### The task
Return the data below unaltered, but strip out the pictures.

### Records for this exercise
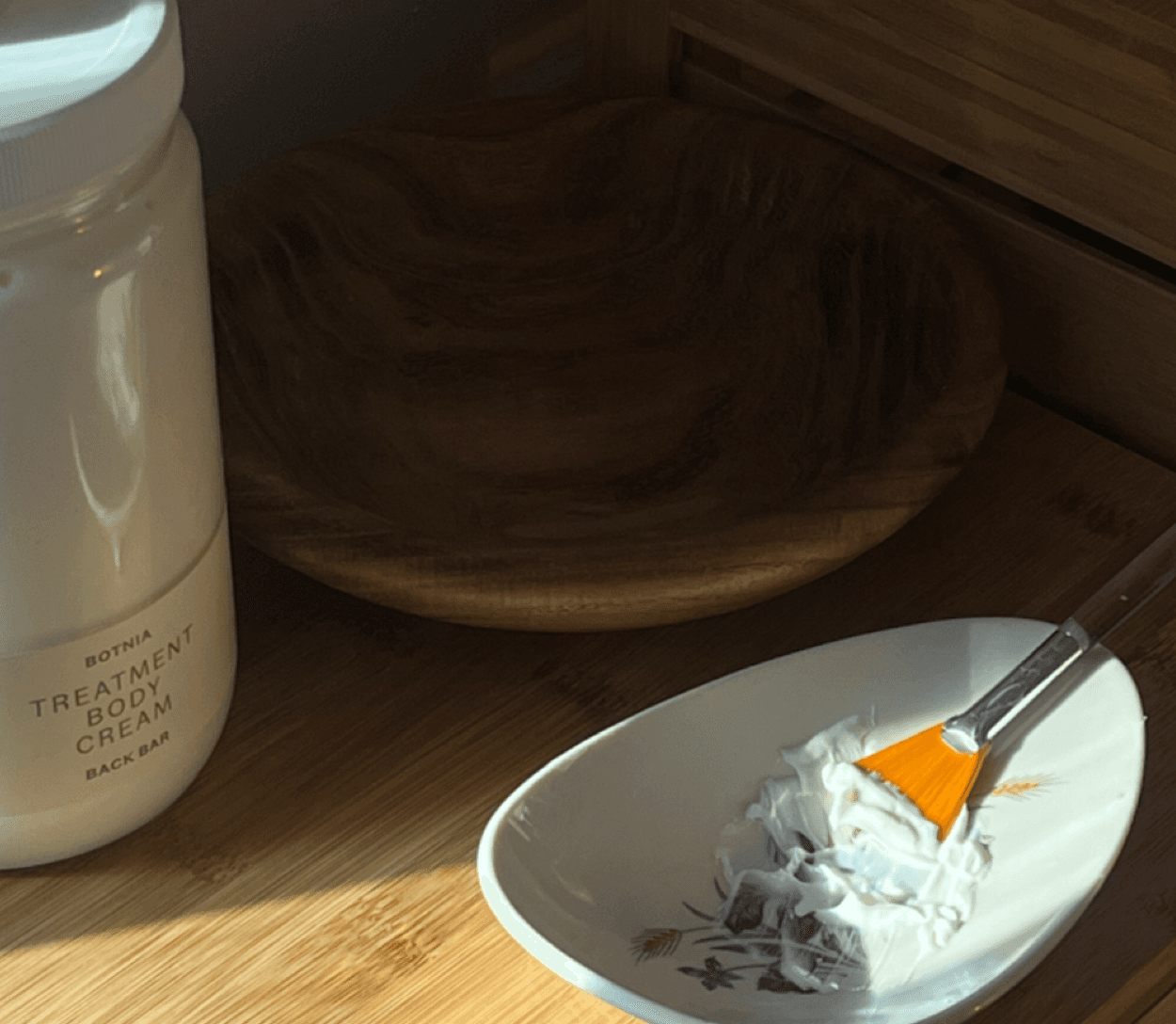 Botnia mask preparation — warm light, botanical ingredients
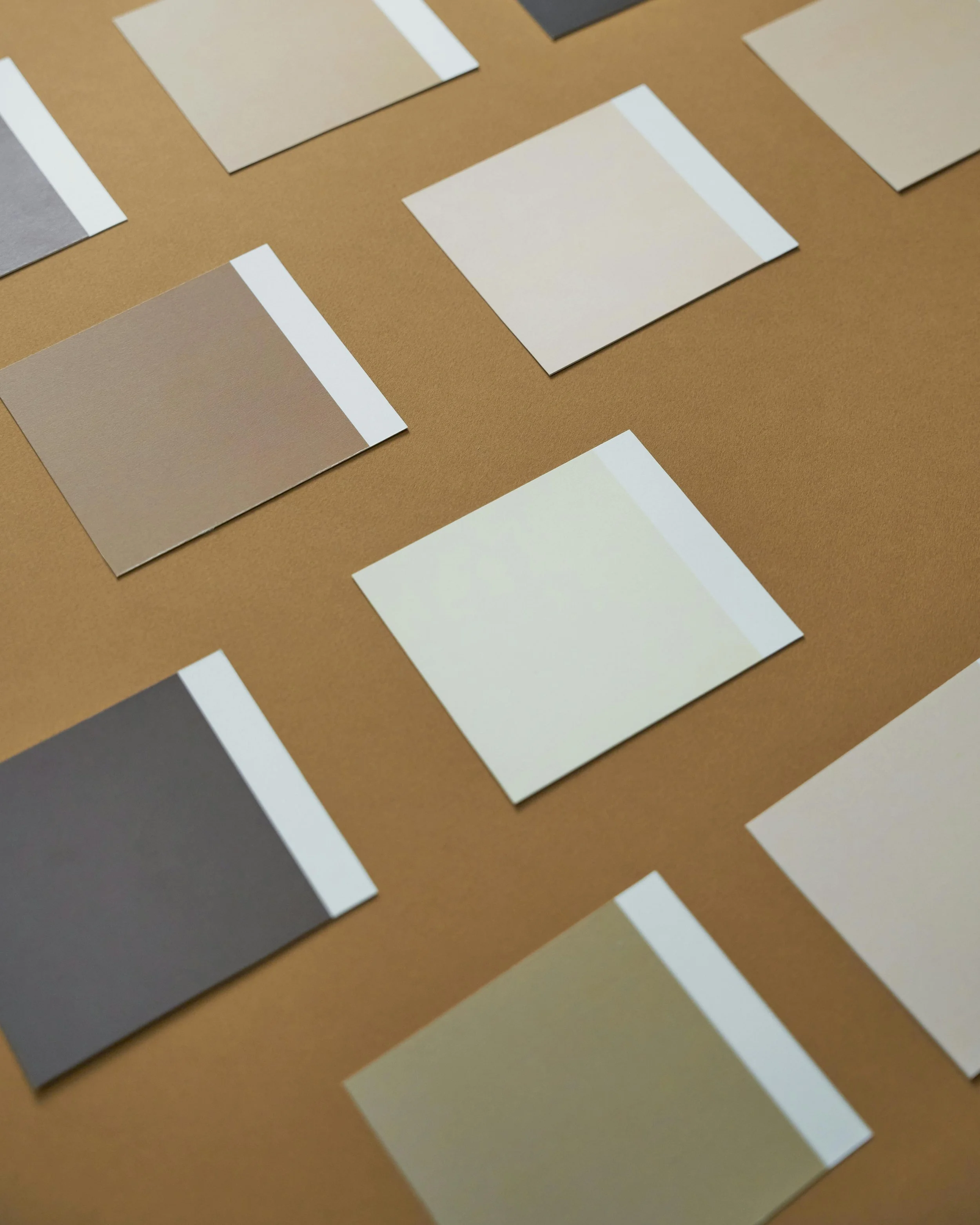 Assorted color sample swatches arranged on a surface.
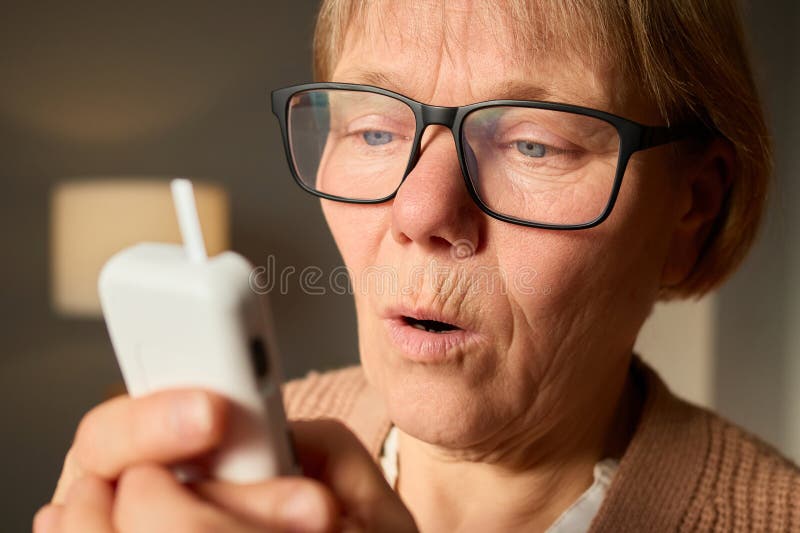 Un'anziana donna sembra stupita mentre tiene il suo smartphone vicino alla sua faccia. La luce calda riempie la camera accogliente immagine stock libera da diritti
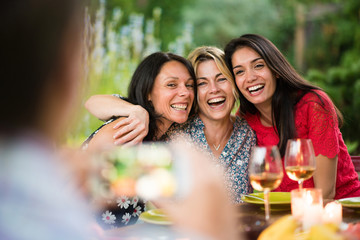 Fototapeta premium Three beautiful women posing for a photo around a terrace table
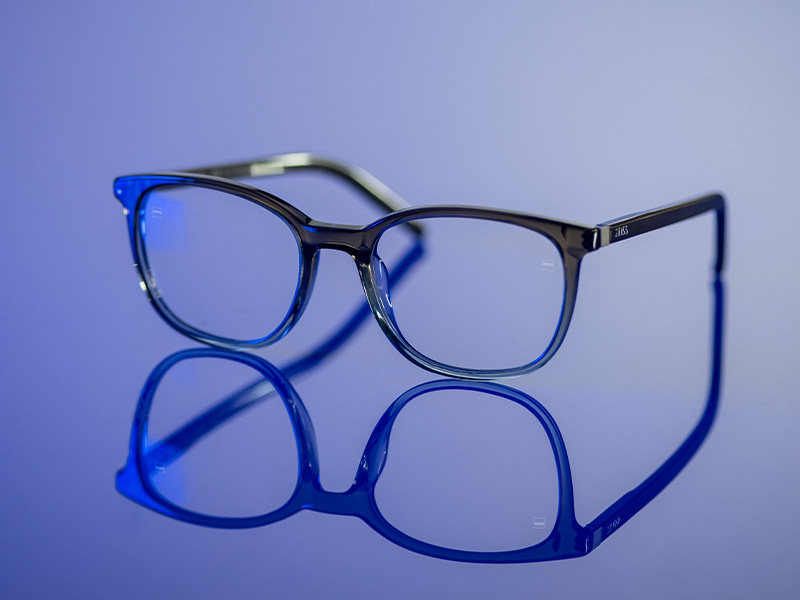 Verres de lunettes incolores sur une surface bleu brillant.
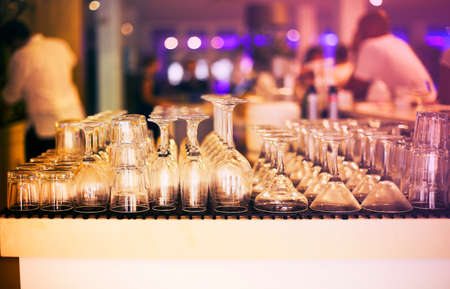 Empty glasses on bar counter. Close upの写真素材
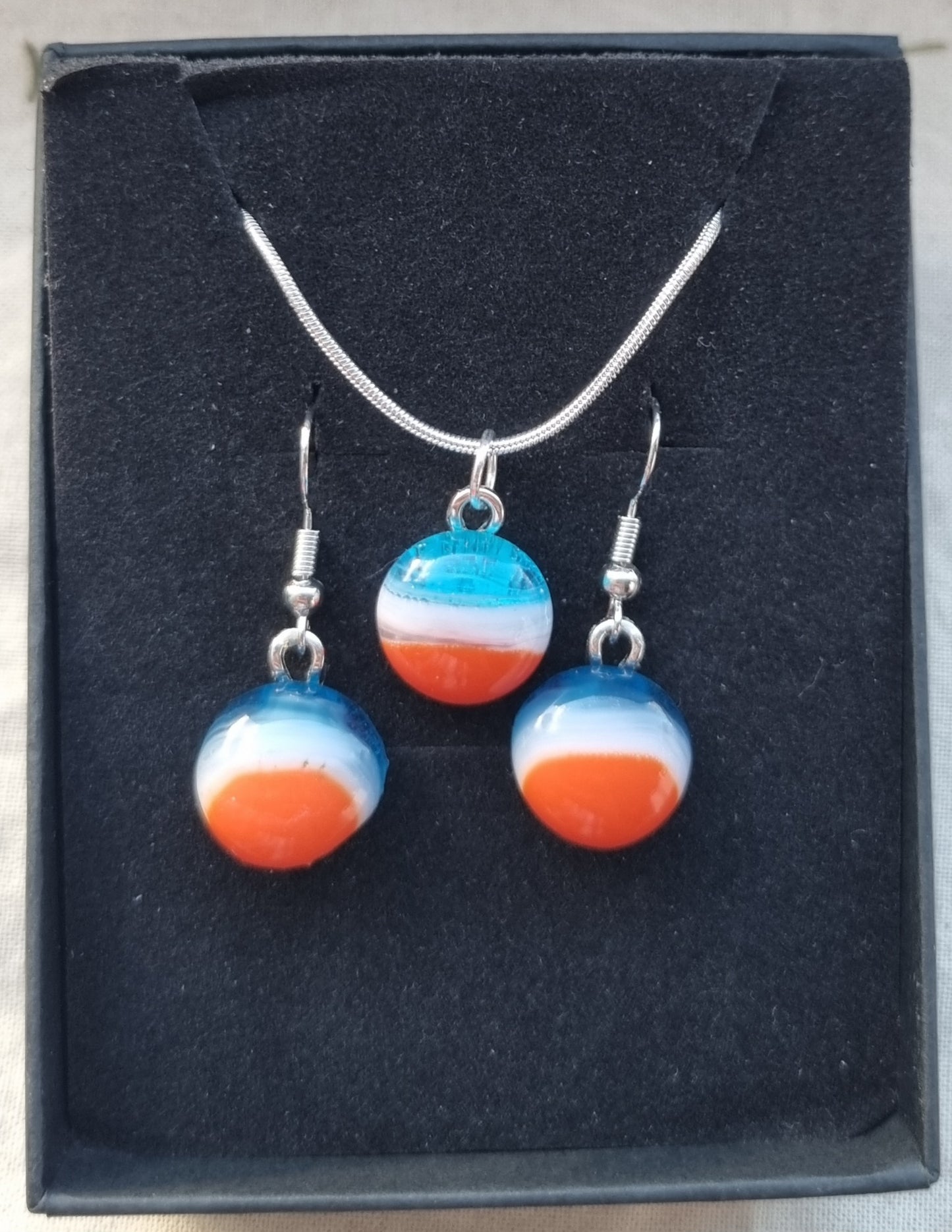 Blue, white and orange handmade glass pebble pendant.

### Solution to this problem
 Botnia mask preparation — warm light, botanical ingredients
 Assorted color sample swatches arranged on a surface.
 Un'anziana donna sembra stupita mentre tiene il suo smartphone vicino alla sua faccia. La luce calda riempie la camera accogliente immagine stock libera da diritti
 Fototapeta premium Three beautiful women posing for a photo around a terrace table
 Verres de lunettes incolores sur une surface bleu brillant.
 Empty glasses on bar counter. Close upの写真素材
 Blue, white and orange handmade glass pebble pendant.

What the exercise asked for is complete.